Ничего не ответив, она подняла его ладонь и приложила к своему лицу. Его пальцы жадно пробежали по коже, навсегда запоминая черты: прямой нос, как на древних фресках, крошечный шрам в уголке брови, наверняка незаметный глазу, но ощутимый для чутких пальцев, ямочки на щеках, губы, мягкие, теплые — теперь он знает. А она, наклонившись, прошептала на ухо:

— У меня голубые глаза, — и, высвободив руку, выбежала из комнаты.

Эльвин рванулся за ней следом, но наткнулся на захлопнувшуюся дверь и с досадой стукнул по ней кулаком. Проклятье! Ну почему, почему он не свободен?! Он отдал бы все за возможность ответить ей "да".

* * *

Эльвин стоял посередине зала, его петицию заслушивали одной из последних, от долгого стояния разболелась вроде бы зажившая нога, а в ушах звучали слова Рэйны: "Я люблю вас. Свадьбы не будет". Леар уже знает? Эльвин никак не мог сосредоточиться и понимал, что его речь звучит не слишком убедительно, несмотря на долгие упражнения. Ну что ж, бумага скажет за него, копии речи лежали на столе перед каждым советником, вместе с текстом петиции. В горле пересохло, он кашлянул, и произнес последнюю фразу:

— В связи с вышеизложенным, я прошу Высокий Совет принять меры по проведению прививок против черной потницы, в коих заключается мой способ борьбы с болезнью, по всей территории империи, включая самоуправляющиеся города, армию и флот.
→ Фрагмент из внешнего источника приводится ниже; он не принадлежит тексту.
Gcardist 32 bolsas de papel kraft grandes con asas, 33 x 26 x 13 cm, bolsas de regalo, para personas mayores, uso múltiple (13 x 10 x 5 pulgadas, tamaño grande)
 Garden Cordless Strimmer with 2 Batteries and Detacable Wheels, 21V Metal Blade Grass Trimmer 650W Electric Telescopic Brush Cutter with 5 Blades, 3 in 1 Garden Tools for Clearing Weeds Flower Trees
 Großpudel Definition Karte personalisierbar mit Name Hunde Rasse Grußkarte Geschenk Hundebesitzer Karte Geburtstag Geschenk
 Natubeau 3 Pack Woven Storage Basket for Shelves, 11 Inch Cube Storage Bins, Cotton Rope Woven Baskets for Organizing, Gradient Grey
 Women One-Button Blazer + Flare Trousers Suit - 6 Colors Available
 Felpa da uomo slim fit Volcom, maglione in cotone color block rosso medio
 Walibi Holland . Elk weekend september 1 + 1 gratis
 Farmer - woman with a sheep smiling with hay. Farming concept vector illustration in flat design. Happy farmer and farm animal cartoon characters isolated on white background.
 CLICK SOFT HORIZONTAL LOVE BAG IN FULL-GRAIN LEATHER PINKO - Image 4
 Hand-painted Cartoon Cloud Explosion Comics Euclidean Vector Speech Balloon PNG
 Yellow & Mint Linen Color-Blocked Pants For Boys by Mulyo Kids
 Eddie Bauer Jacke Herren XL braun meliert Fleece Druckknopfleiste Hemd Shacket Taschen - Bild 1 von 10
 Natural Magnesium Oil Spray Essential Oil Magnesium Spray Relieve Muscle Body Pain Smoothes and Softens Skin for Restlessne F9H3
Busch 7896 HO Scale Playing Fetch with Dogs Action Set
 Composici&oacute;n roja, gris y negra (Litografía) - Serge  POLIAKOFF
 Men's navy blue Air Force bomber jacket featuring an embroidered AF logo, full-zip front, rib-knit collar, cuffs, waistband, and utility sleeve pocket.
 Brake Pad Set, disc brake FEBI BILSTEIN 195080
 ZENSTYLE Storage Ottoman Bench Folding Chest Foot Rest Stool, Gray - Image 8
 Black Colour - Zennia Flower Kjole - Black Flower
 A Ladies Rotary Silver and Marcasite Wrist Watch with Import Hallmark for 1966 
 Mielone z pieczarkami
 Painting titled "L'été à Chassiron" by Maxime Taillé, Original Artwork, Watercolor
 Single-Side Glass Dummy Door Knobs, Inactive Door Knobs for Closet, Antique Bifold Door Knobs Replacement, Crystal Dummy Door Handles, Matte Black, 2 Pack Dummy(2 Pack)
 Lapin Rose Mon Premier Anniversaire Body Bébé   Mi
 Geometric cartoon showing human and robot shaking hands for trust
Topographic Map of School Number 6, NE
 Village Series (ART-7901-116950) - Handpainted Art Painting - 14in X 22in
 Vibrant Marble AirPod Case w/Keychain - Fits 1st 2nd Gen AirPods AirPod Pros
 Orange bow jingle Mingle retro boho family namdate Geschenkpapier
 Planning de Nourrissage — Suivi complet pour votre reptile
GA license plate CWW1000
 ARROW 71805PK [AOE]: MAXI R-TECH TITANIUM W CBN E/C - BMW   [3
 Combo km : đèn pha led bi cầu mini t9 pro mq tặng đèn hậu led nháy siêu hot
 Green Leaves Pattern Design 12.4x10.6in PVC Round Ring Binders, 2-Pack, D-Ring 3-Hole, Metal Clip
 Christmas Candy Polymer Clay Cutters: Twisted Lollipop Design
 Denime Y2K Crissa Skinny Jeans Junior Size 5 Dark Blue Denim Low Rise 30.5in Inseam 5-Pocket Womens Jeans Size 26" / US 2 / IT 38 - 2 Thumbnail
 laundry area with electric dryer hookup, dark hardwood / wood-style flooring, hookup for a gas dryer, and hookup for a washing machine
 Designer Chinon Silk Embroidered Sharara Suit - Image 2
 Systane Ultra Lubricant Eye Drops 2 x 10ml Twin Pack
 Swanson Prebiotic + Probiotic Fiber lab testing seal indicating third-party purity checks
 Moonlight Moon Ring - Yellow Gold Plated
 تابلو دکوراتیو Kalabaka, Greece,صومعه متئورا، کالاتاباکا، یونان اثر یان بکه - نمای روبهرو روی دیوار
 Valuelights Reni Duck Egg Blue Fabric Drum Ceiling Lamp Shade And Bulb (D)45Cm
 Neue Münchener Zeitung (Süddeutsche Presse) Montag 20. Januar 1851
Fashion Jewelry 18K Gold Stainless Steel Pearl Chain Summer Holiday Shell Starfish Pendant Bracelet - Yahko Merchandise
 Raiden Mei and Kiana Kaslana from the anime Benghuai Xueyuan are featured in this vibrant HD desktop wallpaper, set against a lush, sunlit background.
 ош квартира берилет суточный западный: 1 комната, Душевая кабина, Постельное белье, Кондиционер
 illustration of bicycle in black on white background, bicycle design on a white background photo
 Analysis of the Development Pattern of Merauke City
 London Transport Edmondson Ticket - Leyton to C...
Советники начали задавать вопросы. Бургомистр поинтересовался:

— А за чей счет будут проводить эти ваши прививки? Дорогое ведь удовольствие.

— Эпидемия обходится куда дороже. Неужели горожане не согласятся заплатить, чтобы избавиться от черной потницы?

Бургомистр снисходительно объяснил графу:

— Так потница она когда еще в город придет. Если придет. Да и тогда не всякий же заболеет. А денежки не пойми на что надо будет сейчас выложить. Я-то, бумажки почитав, в чем суть уяснил, кто поумнее, тоже поймет, но прививать-то по-вашему всех надо. Как простому люду объяснить, что короста с больной коровы их убережет от потницы? Меня ж на смех поднимут!

В их спор вмешался военачальник Тейвор:

— Тут у вас написано, что получивший прививку как бы переносит болезнь в мягкой форме. Это что же, вы мне всю армию черной потницей заразить хотите?!

— Это не совсем удачное выражение. То, как человек перенесет прививку, зависит от множества причин. В любом случае это нельзя даже сравнивать с настоящей болезнью!

— А раз нельзя, то зачем вы сравниваете? Я не стану подвергать своих солдат непонятному риску, зависящему от "множества причин". Доработайте сначала свой метод так, чтобы никаких последствий, а потом обсудим.

— Но…

— Не может быть никаких «но», когда речь идет о безопасности империи, — многозначительно оборвал его Тейвор.

Маги переглянулись, и магистр Илана вступила в разговор:

— Эарнир, которому служит мой орден, даровал людям науку исцеления тысячи лет назад. Люди благодарно используют его дар, но в установленных пределах. Можно смешивать новые сборы из старых трав, создавать новые мази из знакомых компонентов, лечить больного диетой. В тяжелых случаях целители прибегают к железу, удаляя источник болезни, к огню, выжигая заразу, но то, что не исцеляется ни одним из этих способов — является неизлечимым. Так установлено Эарниром. Вы же хотите переступить границы, отведенные богами для смертных.

— Но вы же исцеляете магией!

— Мы исцеляем силой Эарнира. А чьей силой будете исцелять вы? Если бы Эарнир желал, чтобы люди могли исцелять от черной потницы, не говоря уже о других напастях, он даровал бы средства от них вместе с прочими знаниями. Однажды смертные уже поднялись против богов, и ни к чему хорошему это не привело.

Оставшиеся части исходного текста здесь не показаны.